The audio landscape gently leads each visitor deep into the exhibition, augmenting the sense of sacredness that permeates both the artist’s experience at her residency and a viewer’s experience in seeing her work.

Some images are monochrome, or close to it, such as the ink and acrylic “Decomposing Tree with Ravens.” The muted tones of black, brown, white, and beige create a dream-like experience of and appreciation for the desert and plains, as the artist explores the delicate nuance of decaying wood, the life it still sustains, and its loss.

In a smaller acrylic and ink on paper with collage, “Crow with Leaves,” the bird is a sentinel, a watcher, turned in profile, his eye is bright and ready, scanning the environment for food, for prey, for predator.

Placed in the corners of the gallery are the totems that artist shaped, conjoining wood with a wrap of dried grass and adding small plastic figures of regionally appropriate animals such as an antelope, a bear, or a red deer to this natural material.

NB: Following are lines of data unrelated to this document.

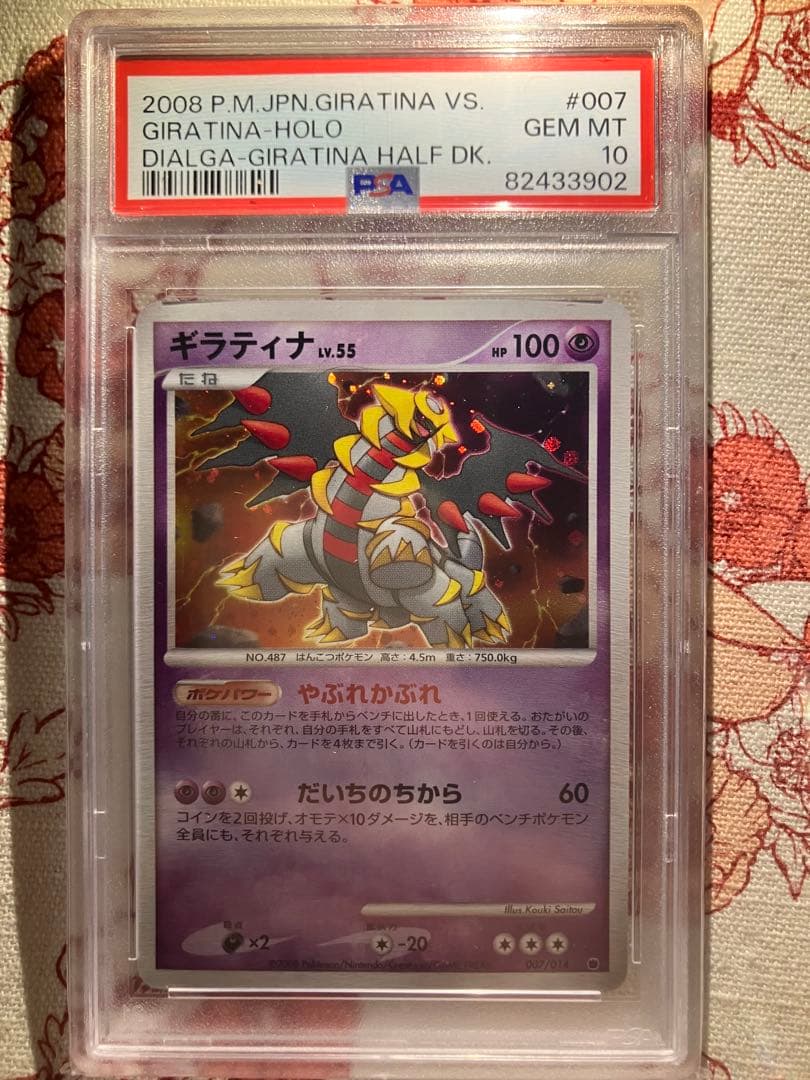 【PSA10】ギラティナ 007 対戦スターターパック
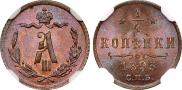 1/4 kopeck 1893 year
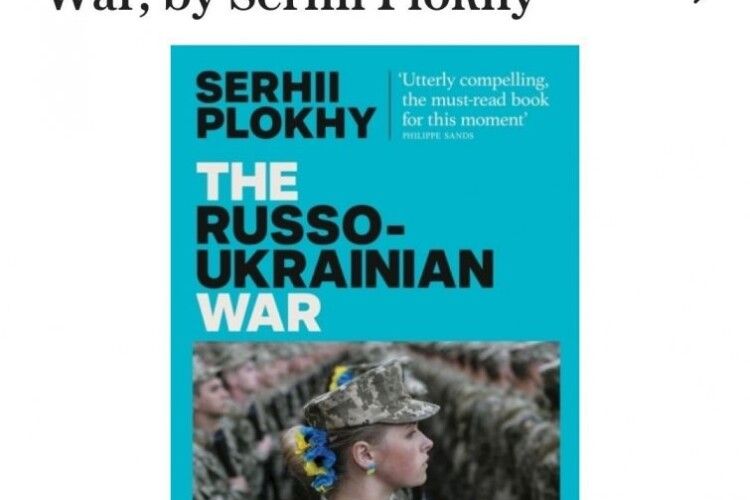 Книга українця увійшла до списку найкращих видань 2023 року, складеного The Telegraph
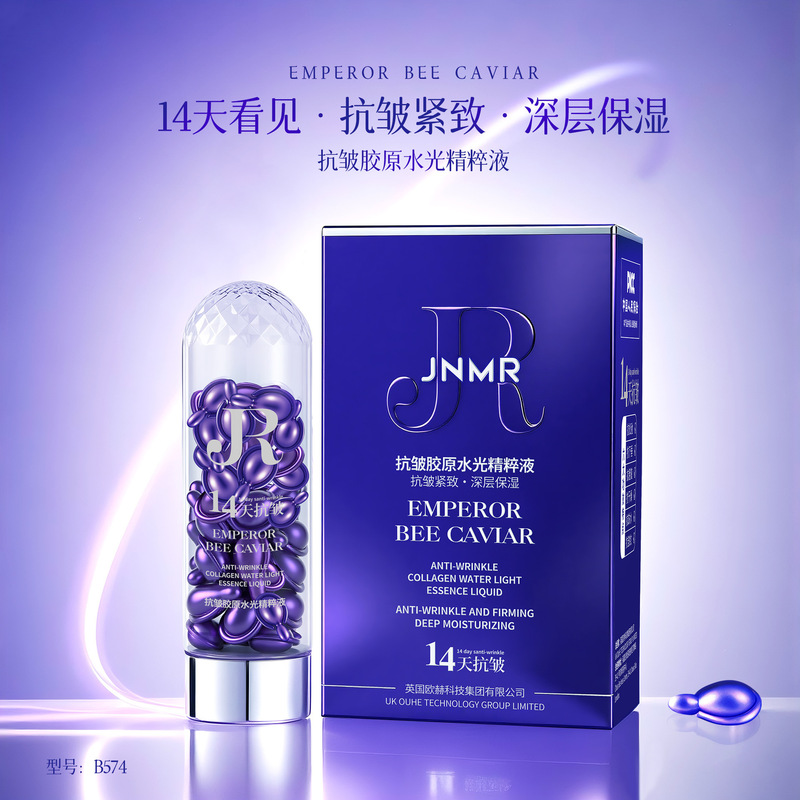 Jnmr Anti-Wrinkle Collagen Water Light Essence Hydrating Moisturizing Light Lines Facial Essence Liquid Drop Shipping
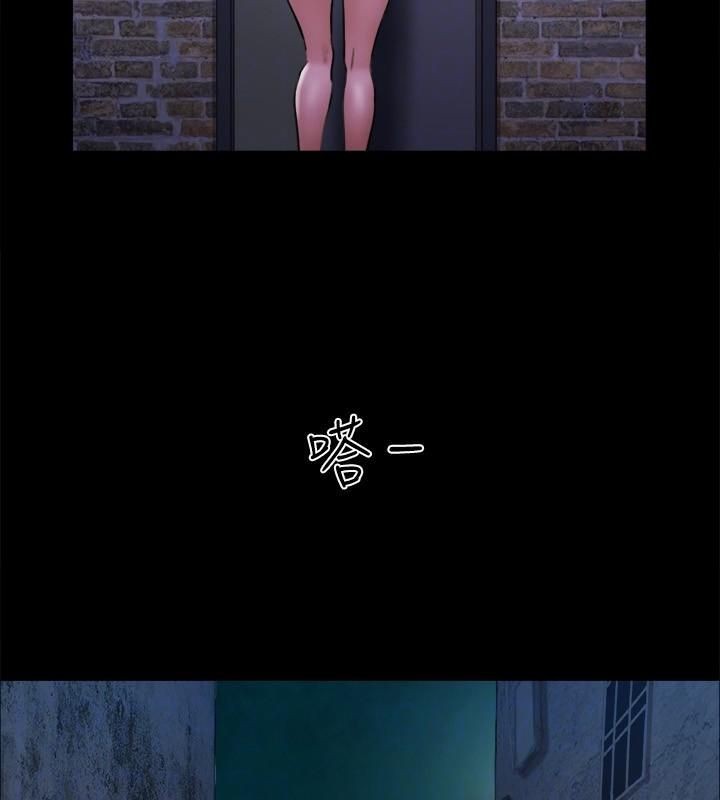 协议换爱(无码版)第145話-我要把他們全賣去妓院!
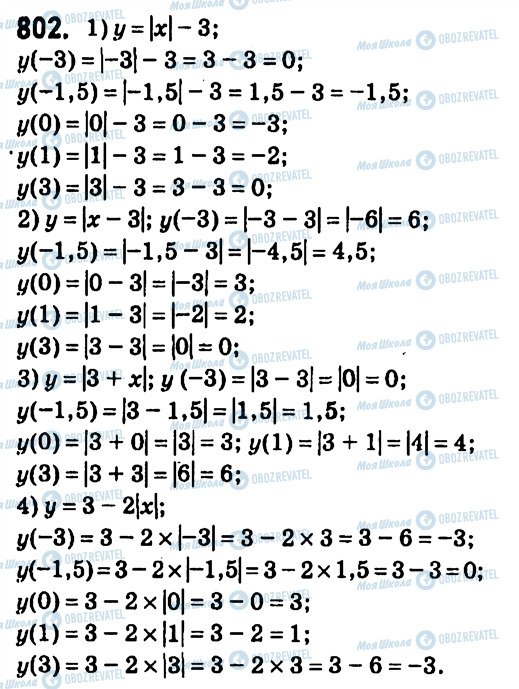 ГДЗ Алгебра 7 класс страница 802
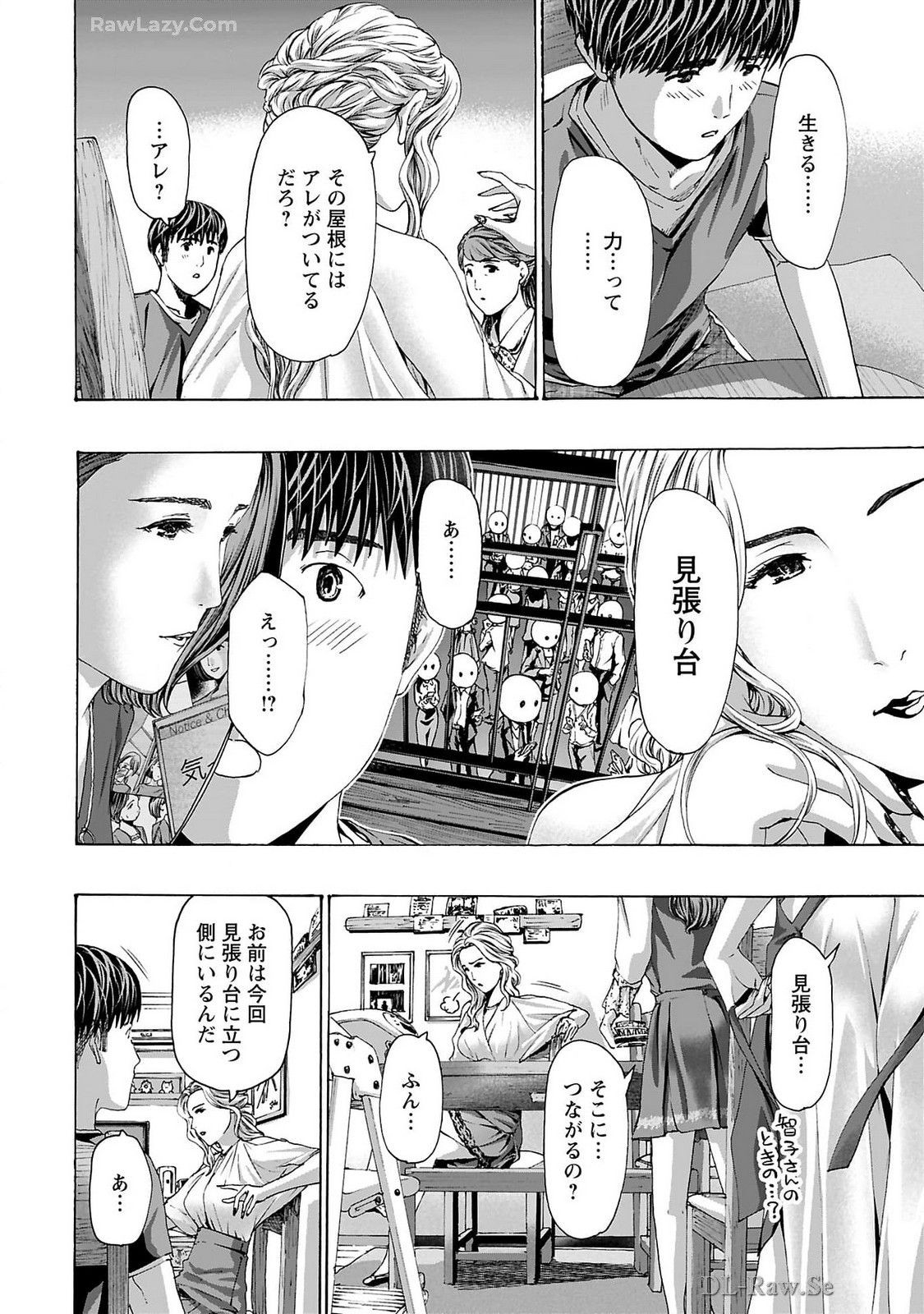 Page 62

Henderson’s glorious, large scale, full color acrylic-on-canvas works are as always a standout. “Sunrise with Coyote and Meadowlark” dazzles with a backdrop of peach and lemon colored sky, against which a meadowlark sings a greeting to the morning from the branches of a tree, while a coyote walks past at its base as if going home after a long night. While the bird jubilantly greets the day, the coyote faces in the other direction, perhaps walking toward the safety of his den.
Her poignant canvas painting “Two Calves” reveals two deceased young cattle discarded in the wilderness, perhaps killed elsewhere and dumped. Life and death coincide here. They are intense and startling opposites each rooted in a sense of belonging to this place, and inextricably linked, just as life and death is within all of us. The truth of life’s tenuous nature is simply more clearly seen in the Great Basin.
Henderson’s work here is wide ranging and encompassing, succeeding in presenting both the minutia and the long view of the region. There are highly textured paintings of a burnt forest so carefully created that one could almost breathe the scent of charred wood, touch the scarred and ashy remains of the trees, absorb the sense of tender loss experienced by a red-tailed hawk perched on the now-fragile branches.

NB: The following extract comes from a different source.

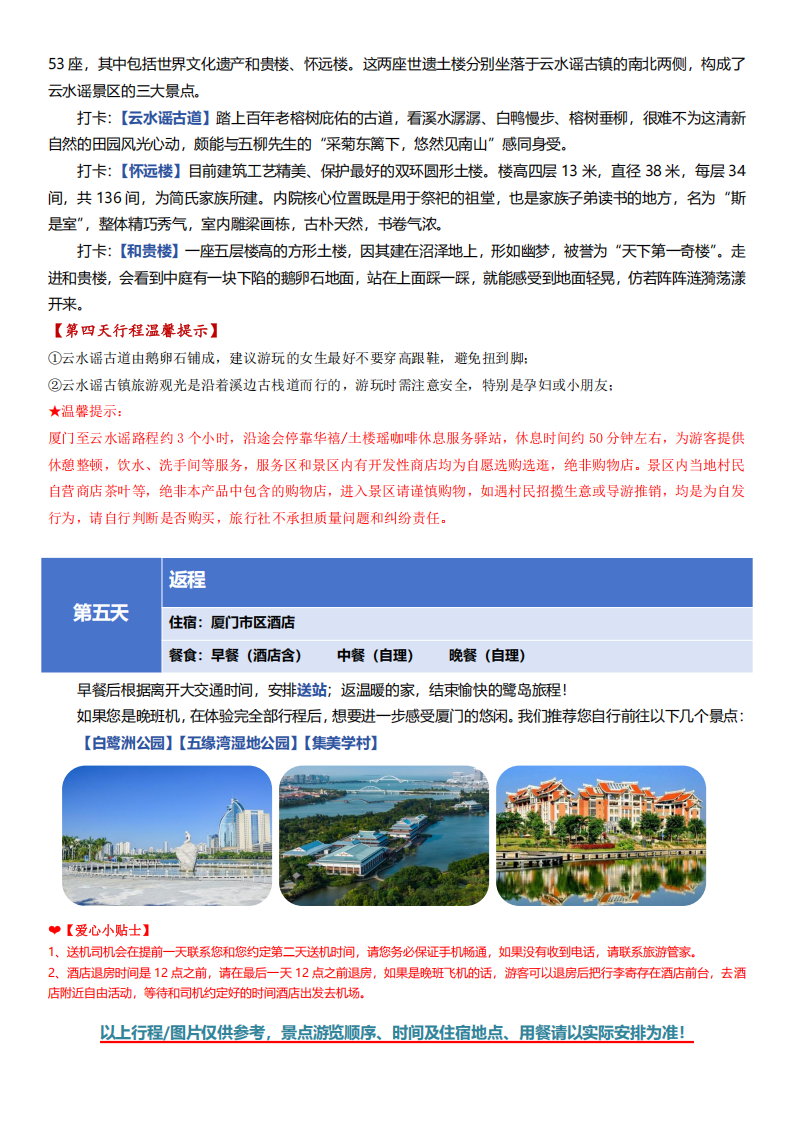 鹭游记之闽南传奇5日游--2880元_08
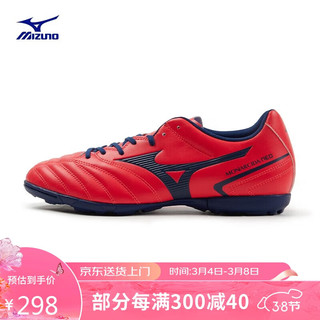 Mizuno 美津浓 男子碎钉防滑足球运动鞋 MONARCIDA NEO II SELECT AS 40码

Paisley Cave drew the artist to create multiple acrylic-on-canvas images. She paints its evocative rocks and mysterious craigs and openings; or she has juxtaposed perfectly rendered feathers belonging to a raven and a crow, a Cooper’s hawk, or a red-tailed hawk, in this place of sanctuary. She also paints this location with a pigeon far from an urban home in one work, and a bright red-chested robin hopping securely toward the cave’s entrance in another.

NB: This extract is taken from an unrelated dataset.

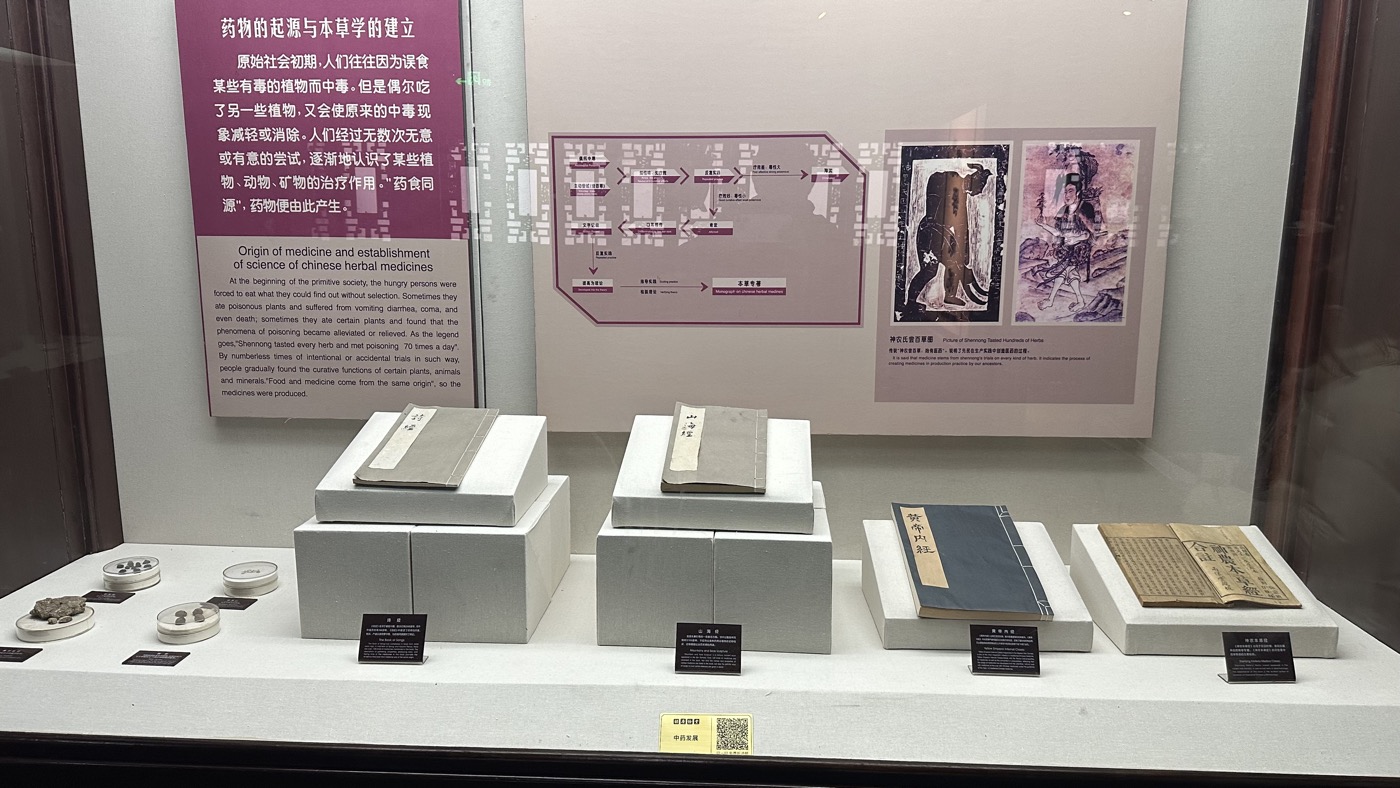 五、中藥文物博物館2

As curated by Kristine Schomaker, Henderson’s work is a perfect sensory experience, from vivid paintings to simpler ink and acrylic renderings, and photographic images, too. The artist’s immersion becomes that of the viewers. We see the landscape observed in a variety of mediums, from photographs to carefully witnessed and painted still-so-perfect feathers, marking the migratory passages of birds.

Henderson’s work gives us a fully absorbed and reimagined landscape of land, sky, living creatures, and those that have passed away. It is glorious to share her journey.
The exhibition concludes 3/27 at LAAA Gallery 825 at 825 N. La Cienega in West Hollywood.